You guys? I think I might be broken. I mean, everyone with the same chromosomal make up as yours truly is all ahem, worked up over two things. 1. 50 Shades of Grey and 2. Magic Mike.
I’ve no interest in either. In fact when I saw the preview for Magic Mike it was all I could do to not scream out “that furniture is UGLY!” Also Matthew McConaughey makes me need Silkwood Shower and a shot of penicillin the moment my eyes set upon him. Plus he was all on the Today Show saying how weird it was to be nekkie and dance like that. Uh-huh. Me thinks the guy who was arrested naked playing the bongos and hardly ever wears a shirt protests too much.

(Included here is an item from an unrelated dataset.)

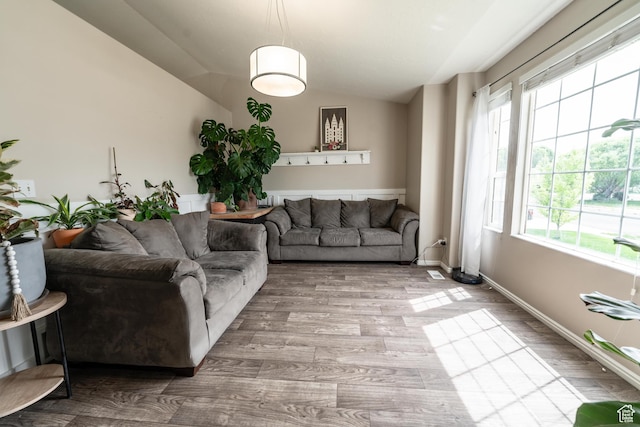 1542 N 2530 W, Clinton, UT 84015 - living room with vaulted ceiling and wood finished floors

Mike, I will never want this wagon wheel coffee table. 🙂
As for Christian Grey and Anna Steele…maybe I am just a 12 year old boy at heart but I think I would just giggle the whole time. Maybe it’s awesome and I am really missing out, but I get the giggles just thinking about reading it. Also apparently there is a lot of spanking. The word spanking makes me giggle. Spank. Ing. I am so mature.
Or maybe it’s just that I hear Ellen DeGeneres reading it in my head and that gives me the giggles.
Are we women SO uptight and high strung in real life that we need these seemingly teenage escapes to unleash up? (mind you…I’m not judging; whatever floats your boat!) I mean, a movie about male strippers and a national craze over a book whose craftmanship has been referred to as stilted and relies on tropes that anyone who’s ever sat through 15 minutes of a high school writing workshop would know to avoid. (cough, Twilight, cough)
Maybe I am broken and wrong and Magic Mike’s random furniture creations are in fact incredible and I should be rethinking my whole decor style. Maybe you’ll riot and demand that I turn in my woman membership card. All I know is neither of these make “My inner goddess [is] do[ing] the merengue with some salsa moves.”
Her inner goddess is dance confused. Poor inner goddess.